Those polls also indicated that millions of the 49.5 million eligible voters hadn't made up their minds yet about who they want to lead what will be Italy's 59th government since the end of World War II.

Rutelli, a former mayor of Rome, is promising tax breaks, job development and anti-crime measures.

Rutelli told CNN he was confident of victory. "I will win the elections. I will (create an) Italy, beloved all over the world for its beauty, history, art, but also for its technological, industrial capability. Italy will be an important partner and not a problem for Europe and the world.

"We are in a very close, tight race and we are going to win at the last lap." Berlusconi's closing campaign TV appearance on one of his networks showed a blowup of an electoral "contract" he said he was signing with Italians.

In the "contract," he pledged to reduce taxes and crime, raise pensions, create 1.5 million jobs and increase public works projects.

With little difference on issues like fighting crime and unemployment, and with relatively scant domestic concern by many over the prospect of a media baron at the helm of a democracy, Rutelli's last day of campaigning, on Friday, on Berlusconi's political allies.
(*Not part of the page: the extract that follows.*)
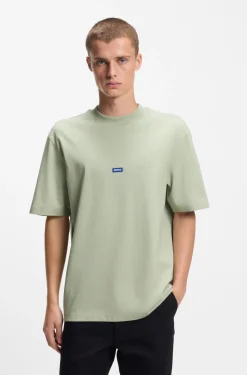 Ribbed-neck cotton T-shirt with logo badge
One of these allies is Umberto Bossi, whose anti-immigrant stand has earned him comparisons to Austria's far-right leader Joerg Haider.

Bossi's Northern League has advocated secession for Italy's affluent north.

It was Bossi's betrayal in 1994 that brought down Berlusconi's coalition when the magnate had been premier for barely eight months.

"An Italy in the hands of Bossi would be an Italy that wouldn't be accepted in Europe," Rutelli said.

Berlusconi's forces in this election made a campaign alliance in Sicily with the Tricolor Flame, an openly neofascist party, while making a national pact with the formerly neofascist National Alliance party.

The centre-left boasted during the campaign of having guided Italy, through restrained spending, into the charter club of countries using the new common currency, the euro.

While both men pledged tax relief for a country where the middle-class can pay more than 40 percent in income tax, Rutelli claimed that Berlusconi's vow to increase pension payments while drastically slashing taxes would jeopardise Italy's participation in the euro.

Berlusconi's rivals have also tried to make capital out of his troubles with prosecutors, who nearly a decade ago began pursuing him in corruption and bribery investigations.

"Do we deserve this man?" headlined the communist daily Il Manifesto across a half-page photo of Berlusconi with his hands raised like an orchestra director's.

Il Giornale, a conservative Milan daily whose board of directors include Berlusconi's brother, ran this banner headline: "Berlusconi: a vote against the lies."

Berlusconi has depicted himself as a victim of prosecutors he claims sympathise with the left.

If Berlusconi wins, he will control state television and effectively dominate nearly all of Italy's major television markets.

His business empire includes the nation's three main TV networks, and as head of government he could wield influence over the three networks of RAI state television.